Las pesadillas me visitaron con frecuencia durante la noche. Oí cantar a las Mujeres Fantasma, pero no en mis sueños, sino en su propio campamento. Anhelaba ir a su encuentro, pero la única vez que me levanté con la intención de saltar una vez más por la borda, Von Bek y Jurgin me sujetaron para impedírmelo.

—Sea paciente —dijo Von Bek—. Recuerde la promesa que nos hizo.

—Pero están llamando a Sharadim. Necesito saber lo que quieren.

—A ella, probablemente. No a usted. —Su tono era perentorio—. Si se va ahora, es probable que Armiad y sus hombres le vean. Considerarán que tienen derecho a matarle. ¿Para qué arriesgarse, si mañana puede acercarse a ellas, durante la Asamblea?

Reconocí que el mío era un comportamiento infantil. Hice un esfuerzo y me acosté de nuevo. Yací en mi camastro, escrutando a través de las grietas del techo ocasionales explosiones de cenizas brillantes, el cielo frío y gris, intentando apartar mis pensamientos de Ermizhad o de las Mujeres Fantasma. Dormí un poco, pero sólo conseguí oír las voces con más claridad.

—¡No soy Sharadim! —grité en cierto momento.

Estaba amaneciendo. Los estudiantes acostados a mi alrededor comenzaban a removerse. Bellanda se abrió paso por entre los cuerpos dormidos.

—¿Qué pasa, Flamadin?

—¡No soy Sharadim! —le dije—. Quieren que sea mi hermana. ¿Por qué? No me llaman a mí. Es decir, sí, pero por el nombre de mi hermana. ¿Es posible que Sharadim y Flamadin sean la misma persona?

—Sois gemelos, pero de sexo diferente. No cabe que os confundan con ella... —La voz de Bellanda estaba un poco aletargada de sueño—. Perdonadme. Supongo que estoy diciendo tonterías.

Alargué una mano para tocarla y disculparme.
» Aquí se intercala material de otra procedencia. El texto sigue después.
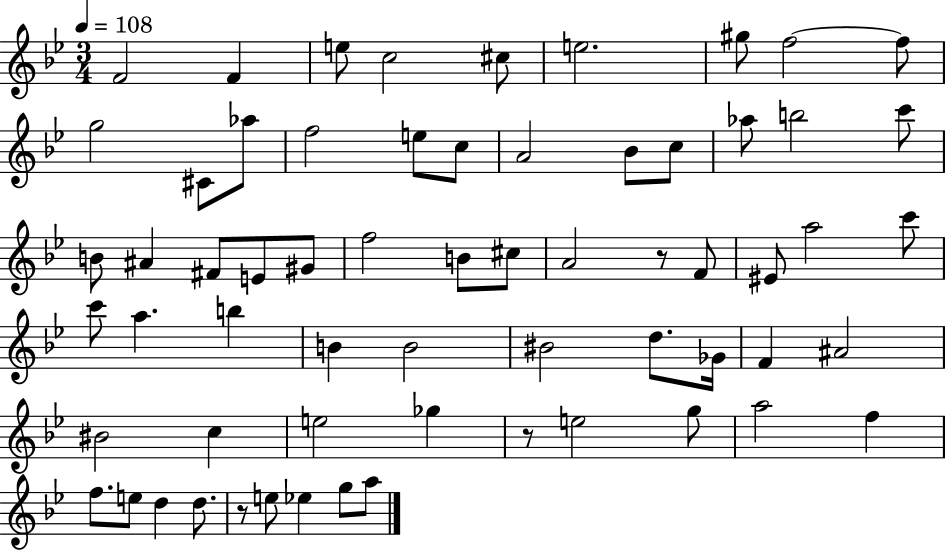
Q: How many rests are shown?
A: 3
—No, Bellanda, soy yo quien debe pedir perdón. Últimamente, cometo muchas estupideces.

—Si pensáis así —sonrió ella—, quiere decir que no estáis tan loco. ¿Decís que esas mujeres han estado llamando durante toda la noche a la princesa Sharadim? Yo no las oí con tanta nitidez. Sonaba como un conjuro. ¿Creen que Sharadim es un ser sobrenatural?
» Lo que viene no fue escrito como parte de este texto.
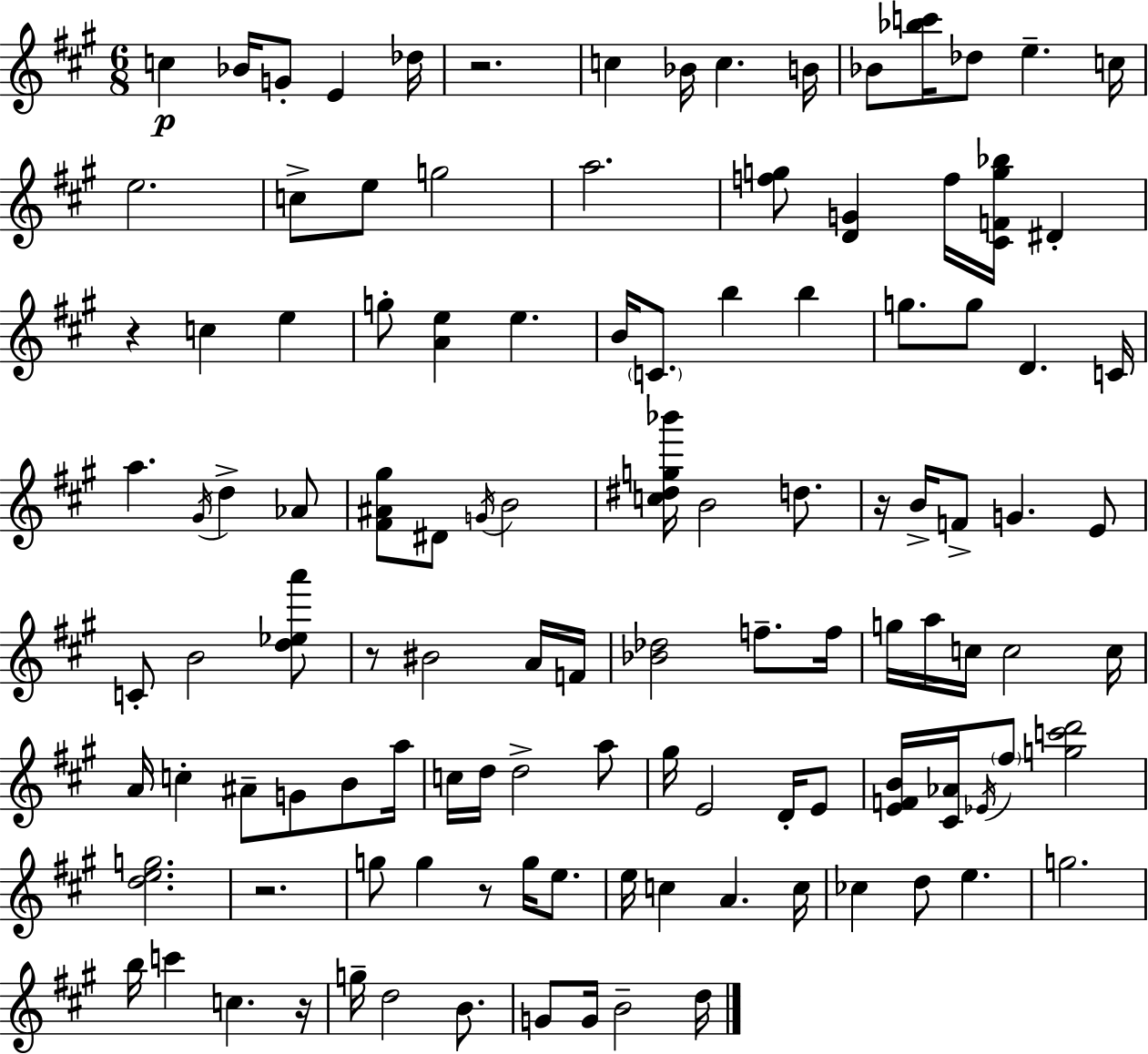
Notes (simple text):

—No lo sé. Hasta ahora, siempre he reconocido el nombre que oía en mis sueños, y he respondido a él. Fui Urlik Skarsol, después otras varias encarnaciones, luego otra vez Skarsol, y ahora Flamadin. El hecho es, Bellanda, que es a mí a quien deberían estar llamando.

Me callé, pensando que desvariaba como un egomaníaco (y tal vez lo fuera). Me encogí de hombros y me desplomé sobre la manta.